April 20, 2007
Overcoming a Taboo: Implementing CONTROL During Scent Work
In a recent issue of Police K-9 Magazine (Spring, 2007), a K9 handler submitted a question concerning training his dog to overcome distractions during narcotics searches:
“I have a 20-month-old male Malinois. He started training at 14 months and was certified in narcotics at about 17 months. He seems to have good drives, will hunt forever, loves the ball, etc. However, he is easily distracted. The trainer says the dog will get over that as he matures, but I have not seen any improvement yet. Anything will take him off task- a bird flying overhead, any noise, or people walking or cars driving by. It is very hard to do a search with him on a car stopped next to the highway. Any suggestions to get him more focused?”
The question was highlighted in the “Training Perspectives Q&A” section of the magazine and received responses in the form of advice from three on-staff Trainers (pp.14-16). The advice ranged from accepting that the dog was genetically inferior and “replacing” it, to putting a turtle-neck sweater over the dog’s head to create “blinders” so it is forced to use its nose during a search instead of its eyes.

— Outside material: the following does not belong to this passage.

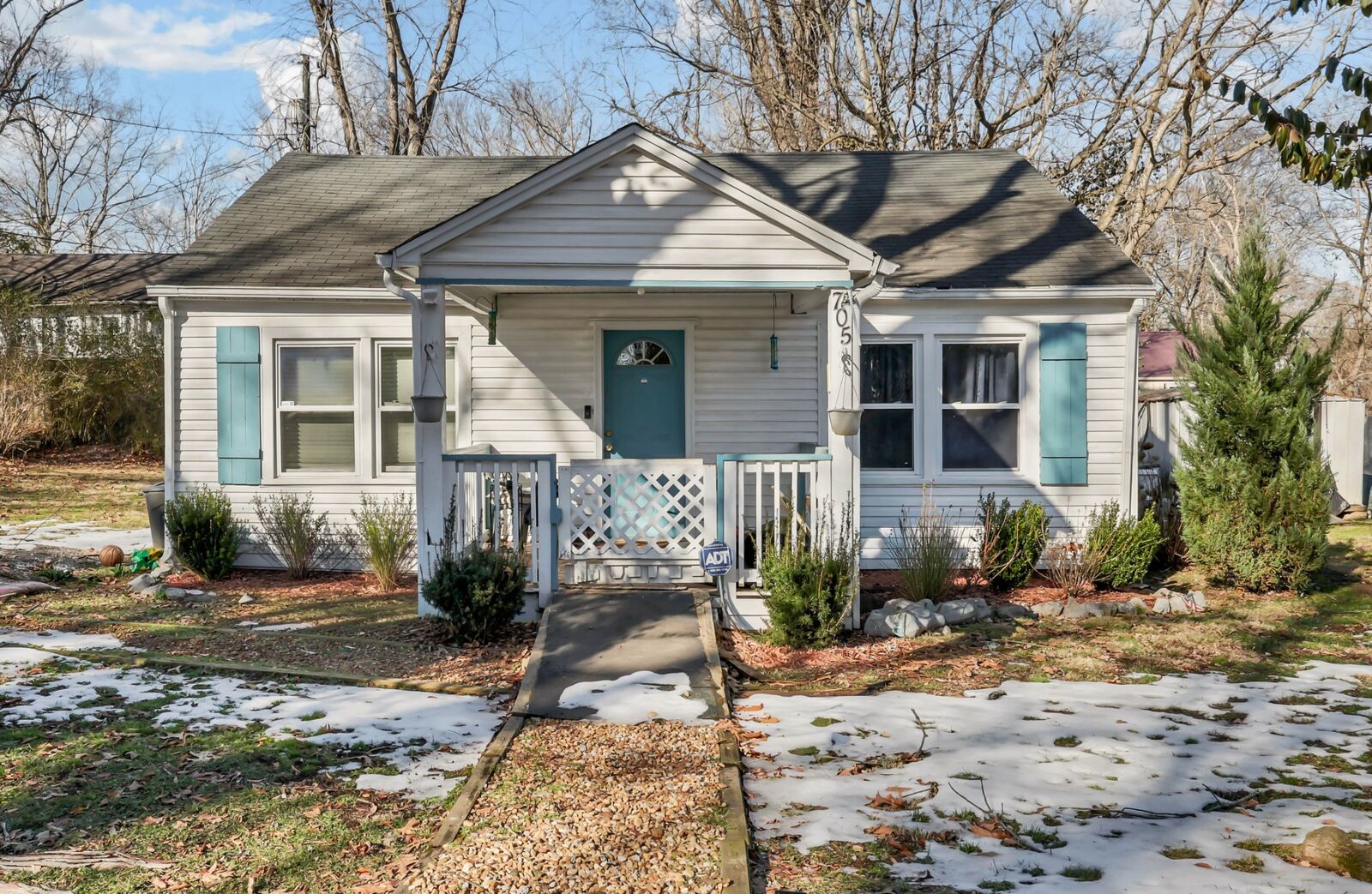 Property Photo: 705 Williams Ln TN 37040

It is with the deepest respect for all of these trainers and their experience that I humbly ask the following question:
Why don’t you just enforce the command you gave your dog?
When we command our dogs to sit and they choose to lie down, we enforce our command in some fashion. When we command our dogs to release from an apprehension and they choose not to, we enforce our command in some manner. But when we command our dogs to “find-fetch” and they blow us off, we scratch our heads and wonder if our dog should be washed out of service. For some reason, it has become gospel that you don’t command your dog to search, you ask it to search and hope that it’s in a good mood. Why?

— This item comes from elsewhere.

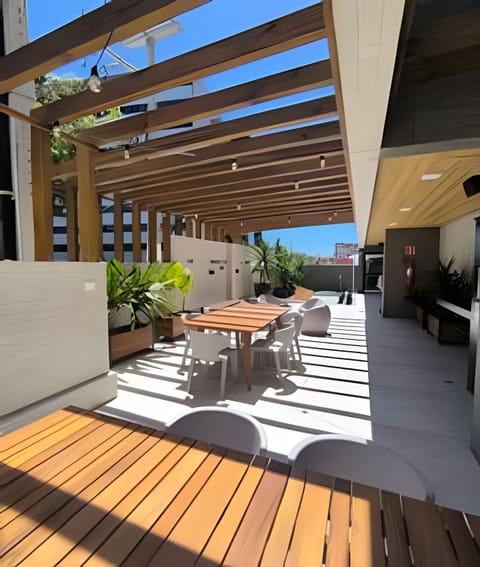Apartment | Outdoor dining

Please don’t misunderstand. I am not condoning extreme physical corrections, or in any way downplaying the role of positive, drive building training methods. Self rewards, self learning and motivational techniques are extremely important and play a key role in my personal training. But, in my opinion, the dog blows off the handler’s command because he has consistently been allowed to. He is obviously extremely prey-driven and has discovered that the things going on around him are more exciting than the task he has been commanded to perform. In this situation I would:
A) make the task as fun as possible as the other trainers have suggested.
B) make the dog understand that it doesn’t matter that there is something more exciting going on around him, he has a task to perform and a job to do.
I fully understand and expect these statements to draw sneers and worse from my fellow trainers. The taboo of implementing control into search work is deeply ingrained and accepted. I also understand that each dog is different and some dogs are more sensative than others. But if the above mentioned dog indeed has the level of drives described by its handler, there is absolutely no reason to believe that a proper program of enforcement and attention to command would reduce its desire to search. The details of such a program are too many to delve into in this article. This is not a “how-to” article. Rather, it is a challenge to a common dog training commandment. I hope that it is taken with the respect it has been written.
In this video I show how I apply control during a narcotics search using a remote collar. There are two separate marijuana hides in different cars. My dog, like the above handler’s dog, is highly prey-prey driven and visually oriented. He was initially trained with traditional purely positive methods. He is cross-trained for patrol and very driven for a bite sleeve. I use a clatter stick in the video because he associates it with bite work agitation. I stim my dog with each command to search and when he shows interest in me, the bite sleeve, or environmental noise and movement. In total, he was stimmed 7 times combined in these video clips. He was rewarded with a ball on a string for his scratch alert.
3 Comments on Overcoming a Taboo: Implementing CONTROL During Scent Work »
April 24, 2007
Konnie Hein @ 12:00 pm:
Jerry - Do you get to a point where the dog will completely ignore the distractions (through repetition of the exercise) in the absence of the collar/stim, or is the collar always required?
StellanK9 @ 10:40 pm:
I read the same article and one thing I have learned over the years is there is only thing two trainers can agree on and that is that the third trainer is wrong. I never have handled or trained a detection dog, only patrol dogs. But one thing I remember from my basic handler’s course what that obdience is the cornerstone of everything we do. Obdience translates to control. Maybe the dogs knows that he can get away with it so he doesn’t worry about not doing what he was told.
June 6, 2007
Jerry Turning @ 6:43 pm:
Hi Konnie,
I’m a huge believer in “generalization” in dog training. I think through exposure to large amount of distractions and environmental pressure, a dog can become highly reliable and consistent under some pretty severe conditions. I have never seen a completely “finished” dog, however. And I know a lot of good, experienced decoys that could humble me in a second and prove my dog is far from perfect. As you can see in the video, he is still a prey monster and has a lot of work to do. But I guess I’ll keep him.
When are we getting together again? I had a blast!